Paula McLain Wrote a Thriller — and This Time, It’s Personal

McLain’s latest main character is Anna Hart, a San Francisco detective who grew up in foster care and is on the run from a mysterious horrific event. She lands in Mendocino, Calif., and is drawn into the search for a girl whose disappearance gives her an unnerving sense of déjà vu. Sexual abuse is a theme; so is the hangover of a rootless childhood.

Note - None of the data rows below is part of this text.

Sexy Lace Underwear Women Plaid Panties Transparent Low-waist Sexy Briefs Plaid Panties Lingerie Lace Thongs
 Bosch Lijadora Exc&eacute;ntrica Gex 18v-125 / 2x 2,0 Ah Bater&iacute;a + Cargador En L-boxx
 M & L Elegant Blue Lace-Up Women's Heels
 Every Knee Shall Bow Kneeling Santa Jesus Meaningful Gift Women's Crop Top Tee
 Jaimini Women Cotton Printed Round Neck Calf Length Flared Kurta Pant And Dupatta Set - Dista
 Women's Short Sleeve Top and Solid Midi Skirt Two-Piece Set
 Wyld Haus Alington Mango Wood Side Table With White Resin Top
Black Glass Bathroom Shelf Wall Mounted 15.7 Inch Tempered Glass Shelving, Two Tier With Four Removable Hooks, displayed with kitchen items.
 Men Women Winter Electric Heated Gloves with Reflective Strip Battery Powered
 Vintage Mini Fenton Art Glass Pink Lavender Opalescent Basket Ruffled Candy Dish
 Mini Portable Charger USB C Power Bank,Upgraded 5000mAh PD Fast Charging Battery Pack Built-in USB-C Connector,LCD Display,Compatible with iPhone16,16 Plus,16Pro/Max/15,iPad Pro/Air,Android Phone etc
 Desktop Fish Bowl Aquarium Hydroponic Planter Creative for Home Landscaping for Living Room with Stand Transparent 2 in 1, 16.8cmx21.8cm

In an author’s note, McLain explains her decision to set the book in 1993, a time that was “pre-DNA, pre-cellphone, before the internet had exploded and ‘CSI’ had laypeople thinking they could solve a murder with their laptop.” But when she started digging into the research, she realized that there had been real-life abductions in California at that time — including the kidnapping of 12-year-old Polly Klaas from her Petaluma bedroom. McLain weaves Klaas’s tragic story into the novel, reminding the reader of yet another young woman who never had a chance to shine.

Eventually, McLain shared a draft of “When the Stars Go Dark” with a friend who pointed out that she was writing about her childhood. McLain admitted that this novel is “more intimate and tells the truth more than my memoir.”

That memoir was “Like Family” (2003), which described McLain’s experience growing up in other people’s houses. “In a way it’s like a hotel because nothing belongs to you,” she wrote. “It’s all being lent, like library books: the bed, the toothbrush, the bath water, the night-light under the medicine cabinet that will help you recognize your own face at 2 a.m.”

Publishers Weekly described the memoir as a “brave account, evidently cathartic for the author and occasionally difficult for the reader.” McLain’s sister Reed said reading it was “like a shot of whiskey.”

McLain remains fond of “Like Family” but now admits that she hid behind symbolism while writing the most painful chapters of her story. With “When the Stars Go Dark,” she was four drafts in before she shared the manuscript with her publisher.

She worried that her team would think she was “nuts,” she said, to jump off the historical-fiction shelf where she’d made a name for herself. Ballantine’s president Kara Cesare said in a phone interview that she believes McLains’s readers will follow her — and that her candor will pick up new readers as well.